Once, while at a retreat, I heard the best analogy about the significance of having communities. That is, the similarities between us and Redwood trees. Redwood trees have roots that are only a couple of feet deep. Yet, they require much more than that to stay standing. Similarly to us, Redwoods thrive off their surroundings. Redwood trees make up for the shallowness of their roots by extending their roots up to 100 feet and intertwining with the trees around them. Redwood trees need to connect with other Redwoods in order to balance and thrive.
Family. Friends. Churches. Clubs. These are just a few of the different communities that we, as human beings, encounter and participate in on a day-to-day basis. Personally, it’s hard to put into words what communities and support systems have helped me accomplish over the years. For instance, upon first entering college, my world was shaken. Everything was changing rapidly, and I felt like I had no control over it. Thankfully, God provided me with the communities I needed, in order to persevere. Those like my parents, who never received an education past the sixth grade, yet work hard for me to continue my education. Also, such as those that encourage me when I feel down as my professors do. All my communities have helped me navigate the new experiences and emotions college has presented me.

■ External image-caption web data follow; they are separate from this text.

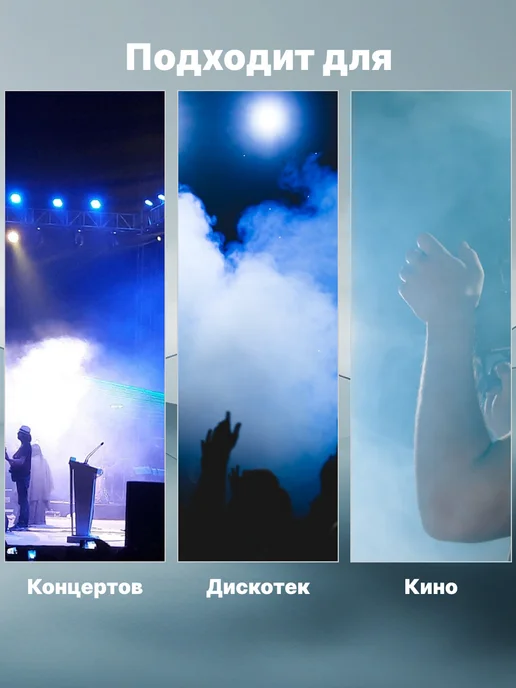 Spark Stage Жидкость для генератора дыма, вариант, фото 3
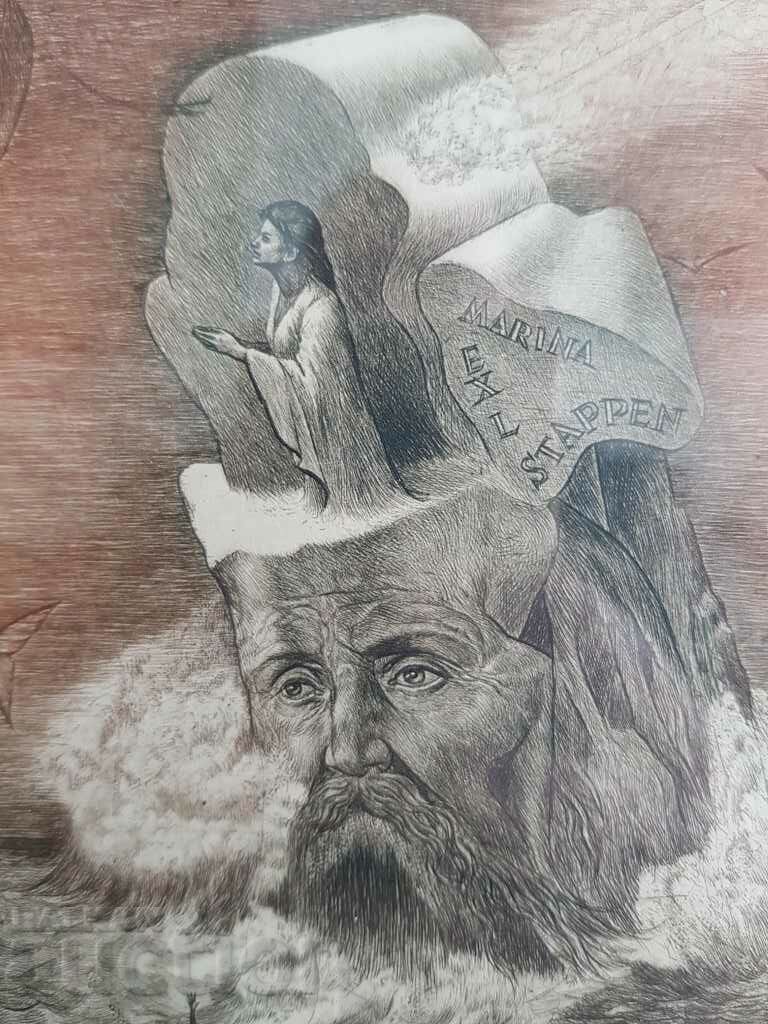 Δημοπρασία ROBERT BARAMOV 1966 - 2021 Water World II λιθογραφία Δημοπρασία ROBERT BARAMOV 1966 - 2021 Water World II λιθογραφία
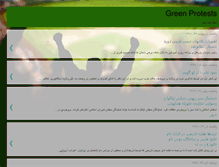 Tablet Screenshot of greenprotests.blogspot.com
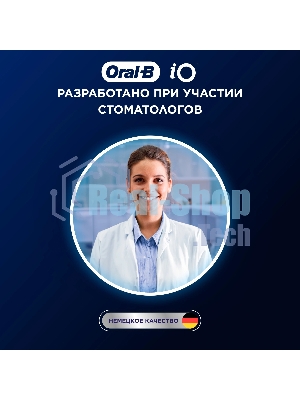 Насадка для зубных щеток Oral-B iO Ultimate Clean iO RB CWF (упак.:4шт)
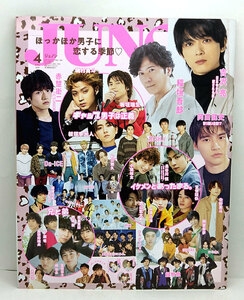 ◆JUNON (ジュノン) 2021年4月号 ◆主婦と生活社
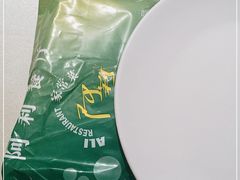 -阿莉餐厅(枣阳路店)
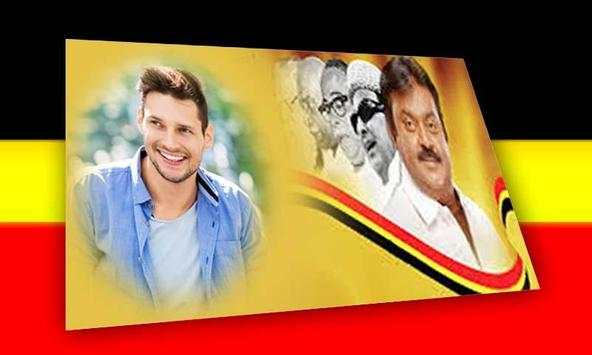 DMDK Photo Frame HD screenshot 6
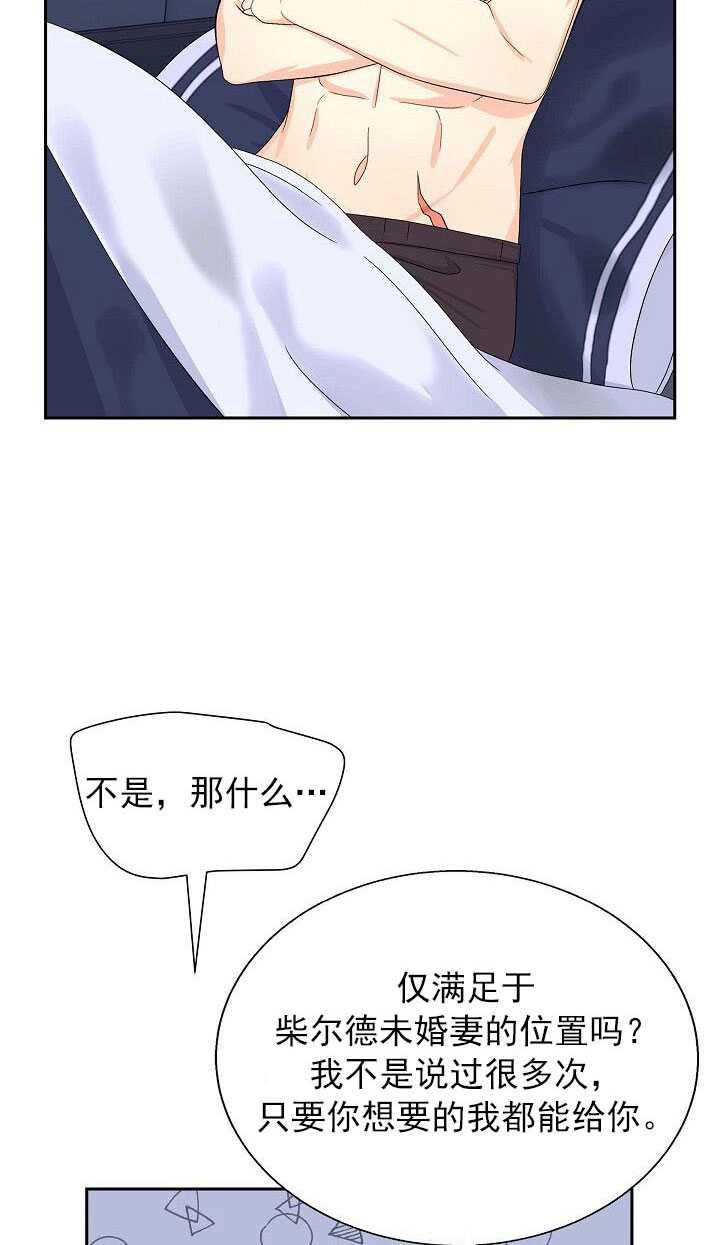 《年下男主落入我怀中》第17话 第39页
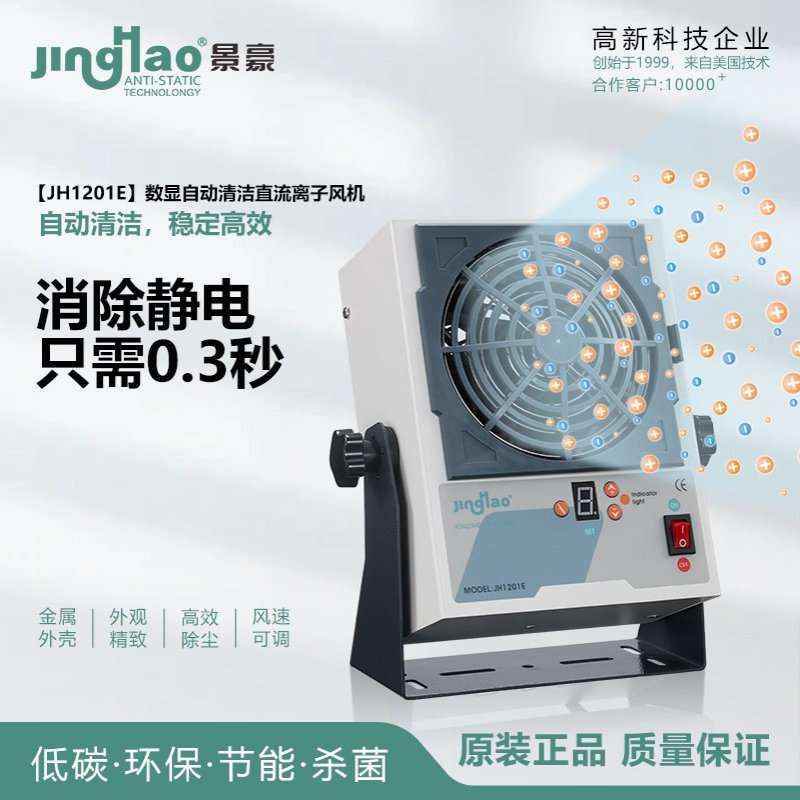 0.3S 数显自动清洁直流离子风机 静电消除器 JH1201E 东莞厂家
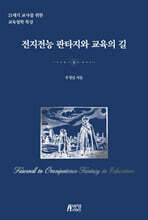 전지전능 판타지와 교육의 길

I recently read in my Sociology textbook that many immigrants who become successful in the workplace have done so due to countless support systems. For immigrants these types of communities can be hard to find and establish. Taller de José strives to not only advocate for immigrants and non-immigrants alike, but also to alleviate the process of finding and establishing communities. During my short time as an intern at Taller de José, I found myself submerged into the feeling of being in the presence of a community that desires the best for its clients in such a real way. The same community that Redwood trees need to stay standing.